• Exercise data

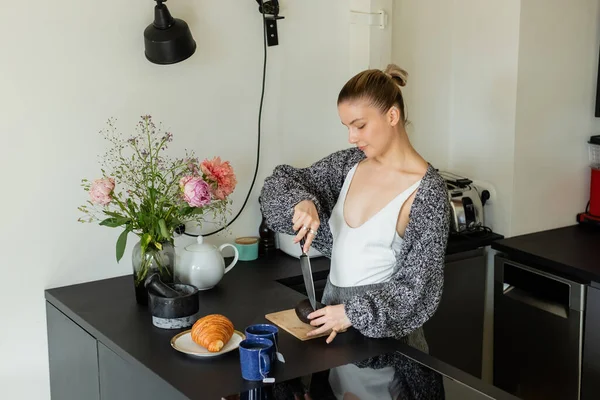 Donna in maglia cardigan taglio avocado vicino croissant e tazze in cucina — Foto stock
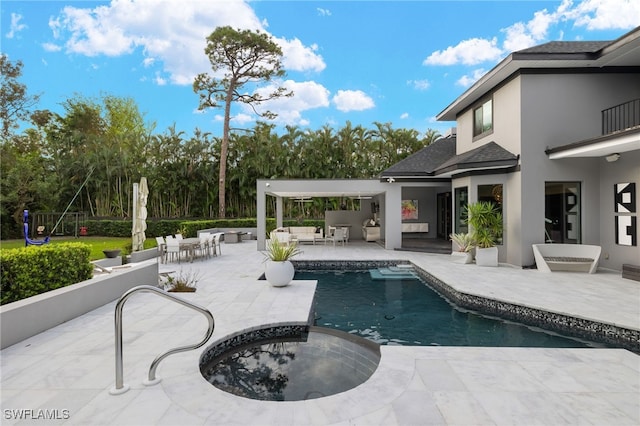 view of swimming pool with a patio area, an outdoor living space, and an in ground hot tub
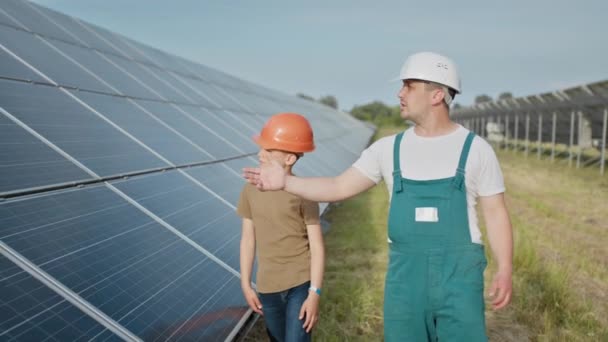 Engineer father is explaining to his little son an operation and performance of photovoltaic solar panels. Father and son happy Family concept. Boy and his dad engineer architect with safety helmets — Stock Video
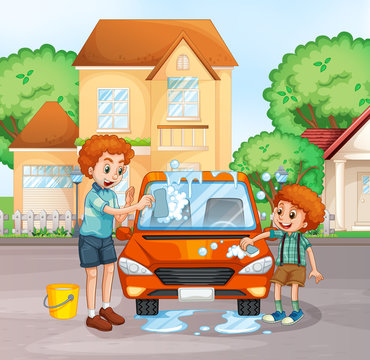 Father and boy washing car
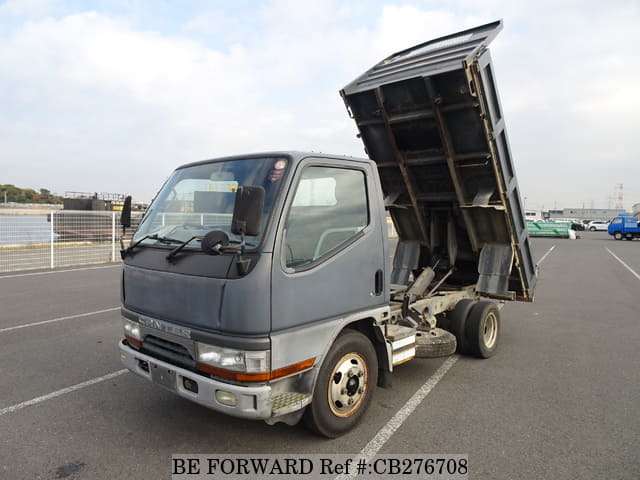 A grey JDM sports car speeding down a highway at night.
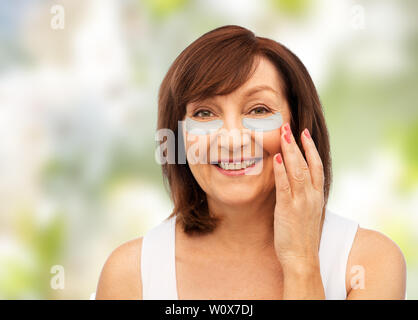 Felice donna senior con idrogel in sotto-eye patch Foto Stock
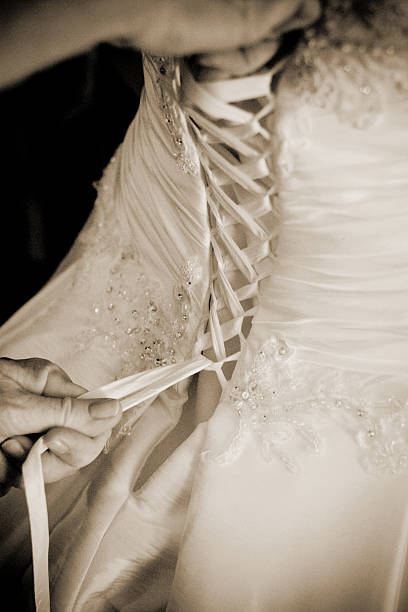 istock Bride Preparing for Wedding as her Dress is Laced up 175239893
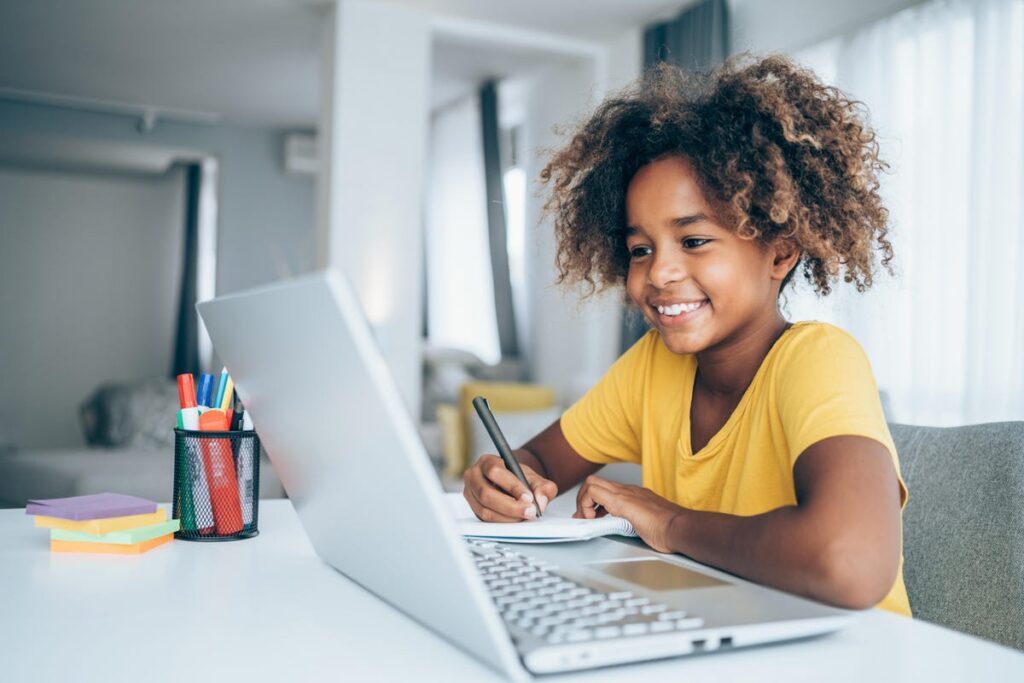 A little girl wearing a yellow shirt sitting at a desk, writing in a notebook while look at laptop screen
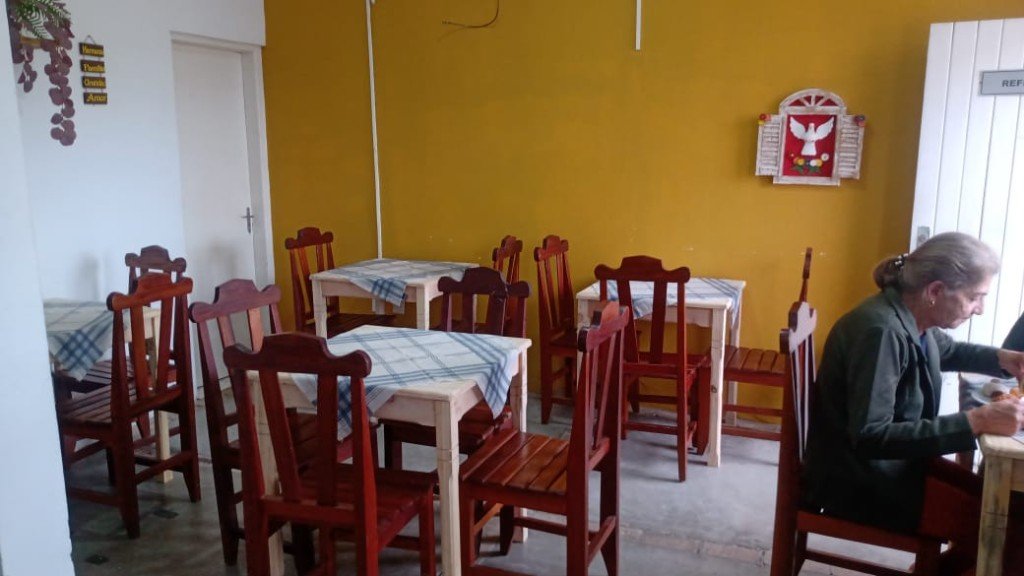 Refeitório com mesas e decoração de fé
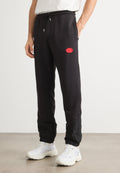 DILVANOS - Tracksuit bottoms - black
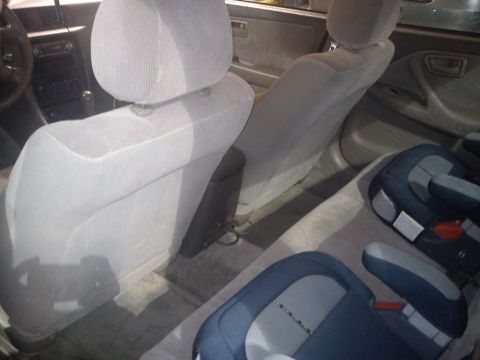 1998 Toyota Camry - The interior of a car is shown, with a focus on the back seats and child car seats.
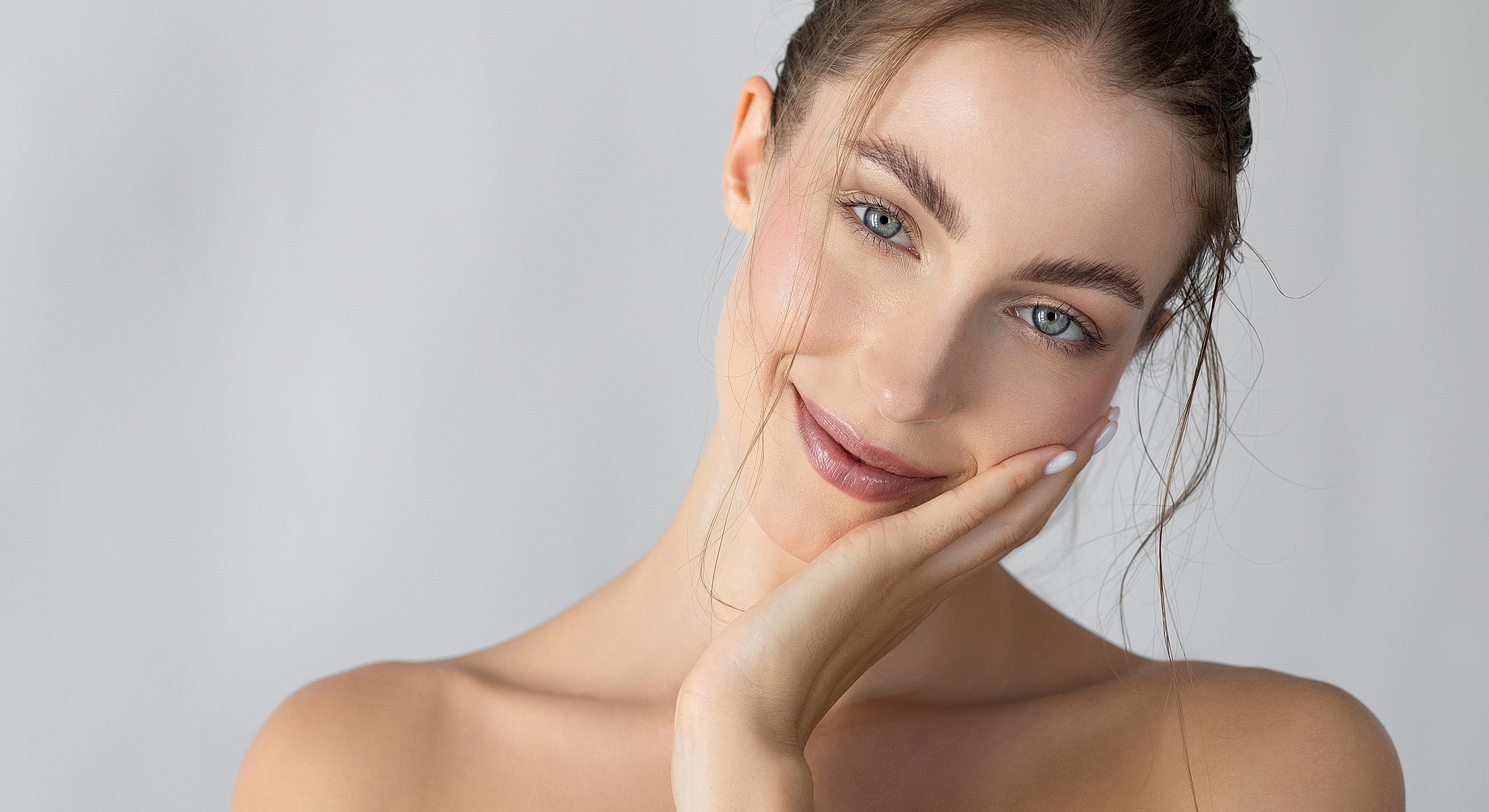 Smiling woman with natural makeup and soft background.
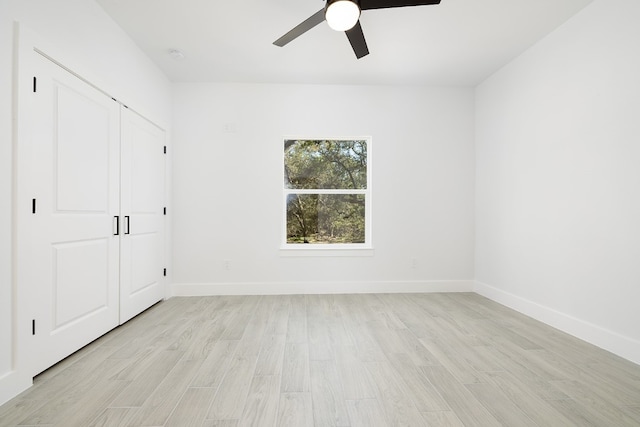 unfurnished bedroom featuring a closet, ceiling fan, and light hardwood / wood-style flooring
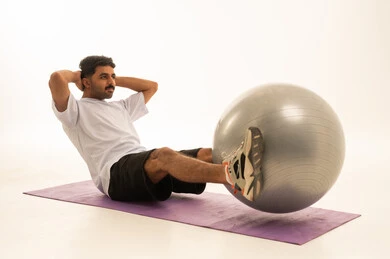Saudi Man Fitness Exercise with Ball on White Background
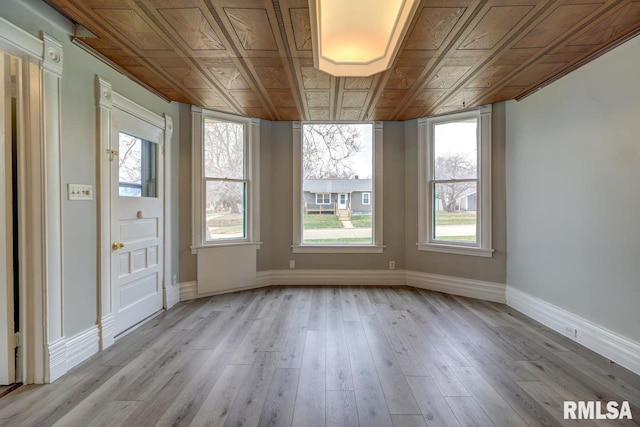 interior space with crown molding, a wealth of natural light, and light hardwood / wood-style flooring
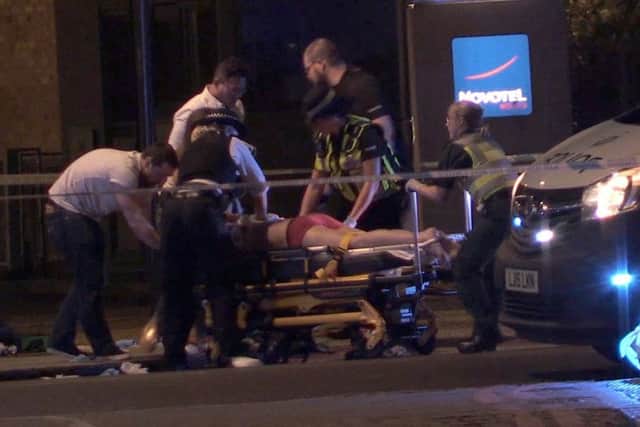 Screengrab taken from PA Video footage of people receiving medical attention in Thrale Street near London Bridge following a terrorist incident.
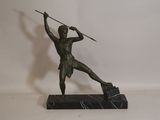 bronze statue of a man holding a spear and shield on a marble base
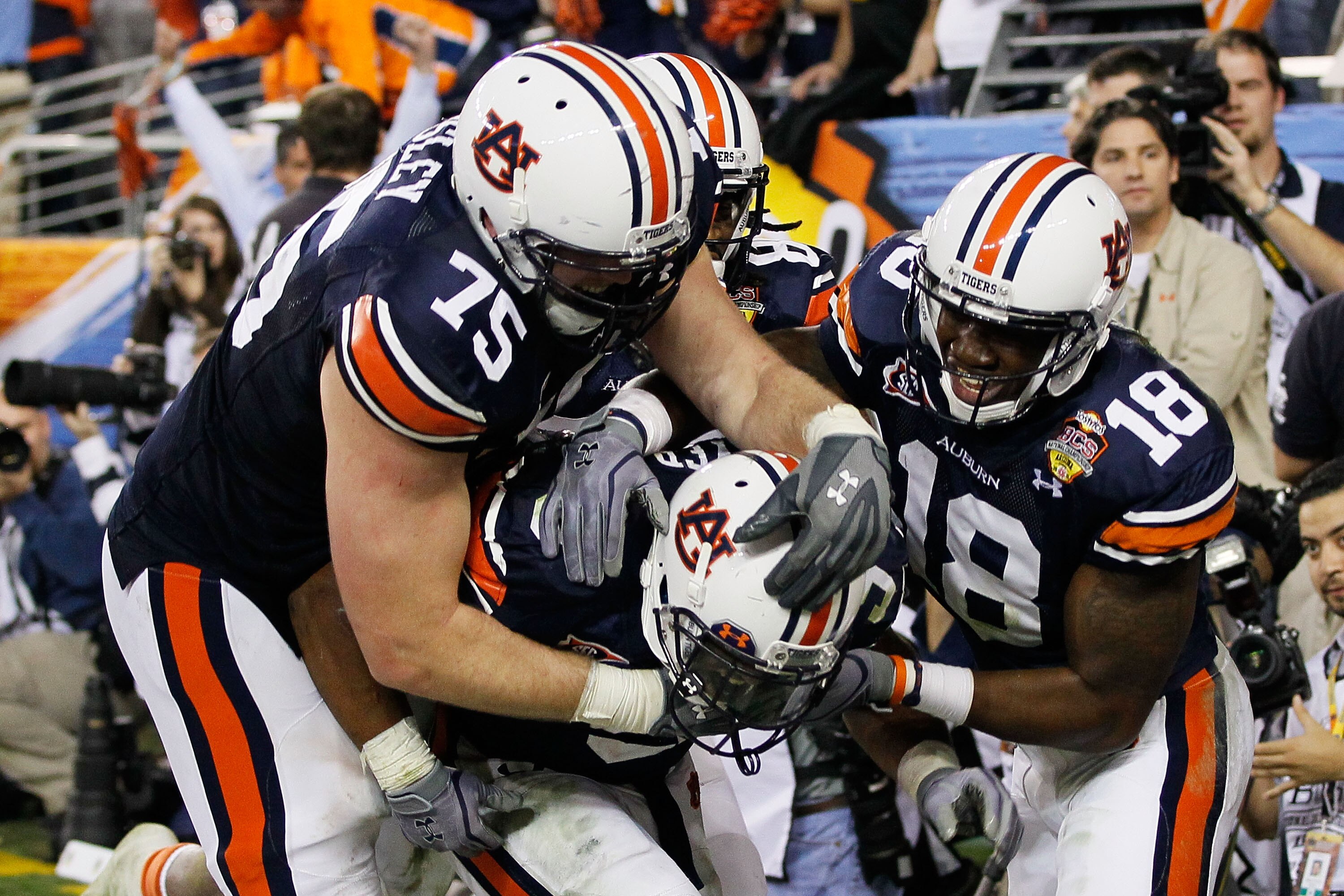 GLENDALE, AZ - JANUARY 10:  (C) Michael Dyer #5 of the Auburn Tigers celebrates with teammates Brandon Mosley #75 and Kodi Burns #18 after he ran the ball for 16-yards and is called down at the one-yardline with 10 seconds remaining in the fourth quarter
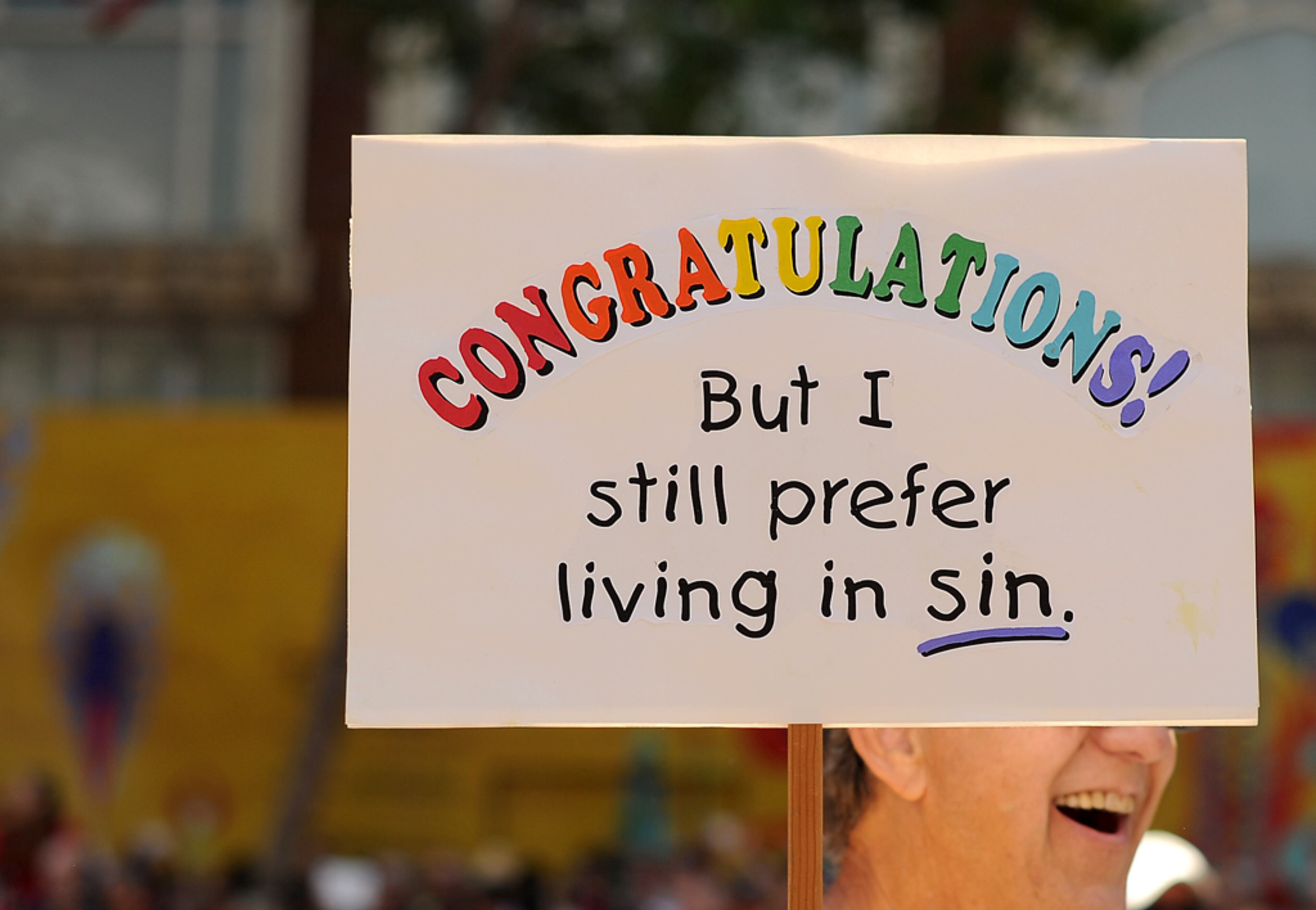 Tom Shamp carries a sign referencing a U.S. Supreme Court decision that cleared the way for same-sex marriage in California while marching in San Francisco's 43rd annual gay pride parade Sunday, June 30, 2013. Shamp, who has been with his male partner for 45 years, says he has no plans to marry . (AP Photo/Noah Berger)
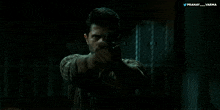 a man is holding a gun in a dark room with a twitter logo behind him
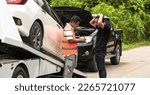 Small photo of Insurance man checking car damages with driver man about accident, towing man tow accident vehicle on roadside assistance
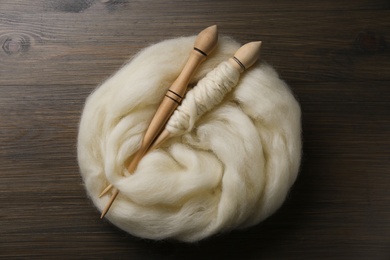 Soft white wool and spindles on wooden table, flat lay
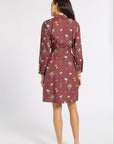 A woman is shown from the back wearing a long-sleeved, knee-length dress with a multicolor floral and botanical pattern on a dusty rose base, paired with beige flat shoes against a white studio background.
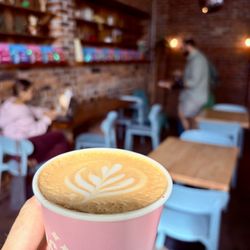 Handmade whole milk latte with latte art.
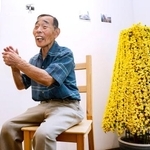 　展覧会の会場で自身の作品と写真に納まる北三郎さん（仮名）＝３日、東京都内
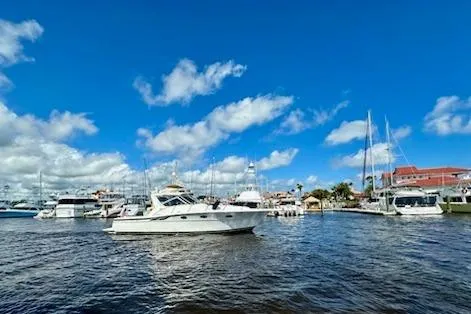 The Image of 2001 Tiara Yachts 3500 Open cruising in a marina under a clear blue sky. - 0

• Brief
What is needed is an exact printout of every record above, with the pictures left out.

• Your solution
 Donna in maglia cardigan taglio avocado vicino croissant e tazze in cucina — Foto stock
 view of swimming pool with a patio area, an outdoor living space, and an in ground hot tub
 Engineer father is explaining to his little son an operation and performance of photovoltaic solar panels. Father and son happy Family concept. Boy and his dad engineer architect with safety helmets — Stock Video
 Father and boy washing car
 A grey JDM sports car speeding down a highway at night.
 Felice donna senior con idrogel in sotto-eye patch Foto Stock
 istock Bride Preparing for Wedding as her Dress is Laced up 175239893
 A little girl wearing a yellow shirt sitting at a desk, writing in a notebook while look at laptop screen
 Refeitório com mesas e decoração de fé
 DILVANOS - Tracksuit bottoms - black
 1998 Toyota Camry - The interior of a car is shown, with a focus on the back seats and child car seats.
 Smiling woman with natural makeup and soft background.
 unfurnished bedroom featuring a closet, ceiling fan, and light hardwood / wood-style flooring
Saudi Man Fitness Exercise with Ball on White Background
 interior space with crown molding, a wealth of natural light, and light hardwood / wood-style flooring
 Screengrab taken from PA Video footage of people receiving medical attention in Thrale Street near London Bridge following a terrorist incident.
 bronze statue of a man holding a spear and shield on a marble base
 GLENDALE, AZ - JANUARY 10:  (C) Michael Dyer #5 of the Auburn Tigers celebrates with teammates Brandon Mosley #75 and Kodi Burns #18 after he ran the ball for 16-yards and is called down at the one-yardline with 10 seconds remaining in the fourth quarter
 Tom Shamp carries a sign referencing a U.S. Supreme Court decision that cleared the way for same-sex marriage in California while marching in San Francisco's 43rd annual gay pride parade Sunday, June 30, 2013. Shamp, who has been with his male partner for 45 years, says he has no plans to marry . (AP Photo/Noah Berger)
 a man is holding a gun in a dark room with a twitter logo behind him
 Small photo of Insurance man checking car damages with driver man about accident, towing man tow accident vehicle on roadside assistance
 Soft white wool and spindles on wooden table, flat lay
 A woman is shown from the back wearing a long-sleeved, knee-length dress with a multicolor floral and botanical pattern on a dusty rose base, paired with beige flat shoes against a white studio background.
 Handmade whole milk latte with latte art.
 　展覧会の会場で自身の作品と写真に納まる北三郎さん（仮名）＝３日、東京都内
 The Image of 2001 Tiara Yachts 3500 Open cruising in a marina under a clear blue sky. - 0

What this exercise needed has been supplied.